I can guarantee that I will do everything necessary to publish right up to the point where someone else makes the decision to take it on and actually publish it. Since I can’t guarantee someone else will go for it, then I need to have a contingency plan. Self publishing is plan B. I can make the hard cover and paperback copies I need for the limited edition rewards without a publishing agreement. This means that I will be able to fulfill my promise without someone elses ok. I feel confident about that.

Anyway, I have been reading all the support documentation from CreateSpace and KickStarter. I recommend it highly.

One article I found by digging on CreateSpace is Guide to Targeting an Audience By Maria Murnane. You can access it here: https://www.createspace.com/en/community/docs/DOC-1553 I opened an account, I do not know if you will need to, but it’s free.

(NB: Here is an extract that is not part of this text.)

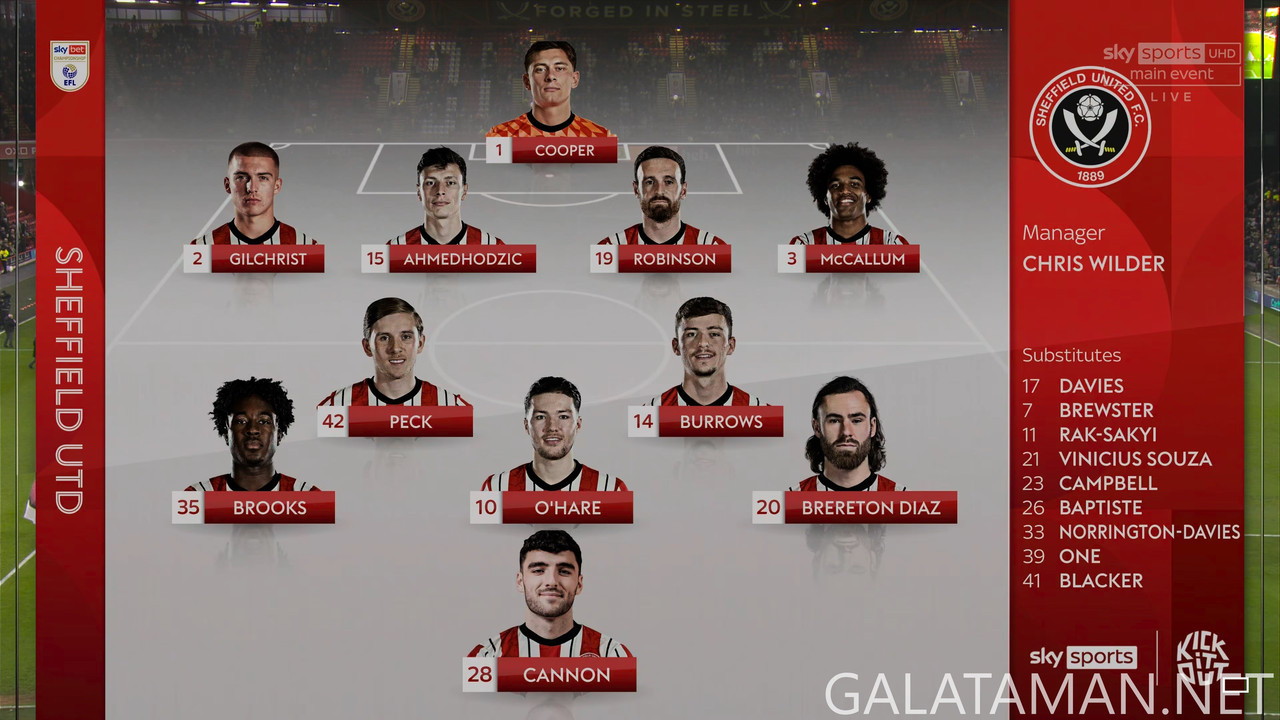 20250124-SHU-HUL-EFL_1-4K.ts_snapshot_00.17.51.683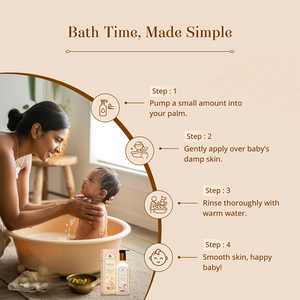 An instructional graphic titled 'Bath Time, Made Simple' showing a woman bathing a baby in a tub, with step-by-step usage instructions overlaid on the scene. The Sampoorna Snan Baby Body Wash and box are displayed at the bottom of the tub.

After reading this I made a list and it was helpful for me. I suggest you do it too – even if you have not finished your novel. It can’t hurt to understand who you are writing for. I encourage comments. You can also “like” the Equalibrium Press Facebook page: https://www.facebook.com/equalibriumpress – and keep in touch that way.

Are you someone who:

Enjoys magical realism?

Is looking for imaginative solutions?

Likes quirky characters?

Liked The Secret?

Liked What the Bleep do we know?

Wants to know the secret of manifesting your deepest dreams?

Is open to change?

Is open to seeing the world a little differently?

Enjoys urban fantasy?

Reads new age fiction?

Believes in miracles?

Likes dogs, even talking dogs?

Can accept that voices in your head don’t necessarily mean you are sick?

Can appreciate the writer’s life?

Likes Nashville?

Appreciates creating an extended family?

Is a Baby boomer?

Believes that Invisible forces are at work?

Believes in wishes?

Believes in Empowerment?

Is interested in Intuition as a guiding force?

Sees spirit at work in common life?

Likes Wayne Dyer, Louse Hay or Deepak Chopra?

Believes in Healing?

Believes in the Ability to change your own life?

Is not afraid of a little course language?

Wants to be real?

Can handle a little sex?

Finds the humor in difficult situations?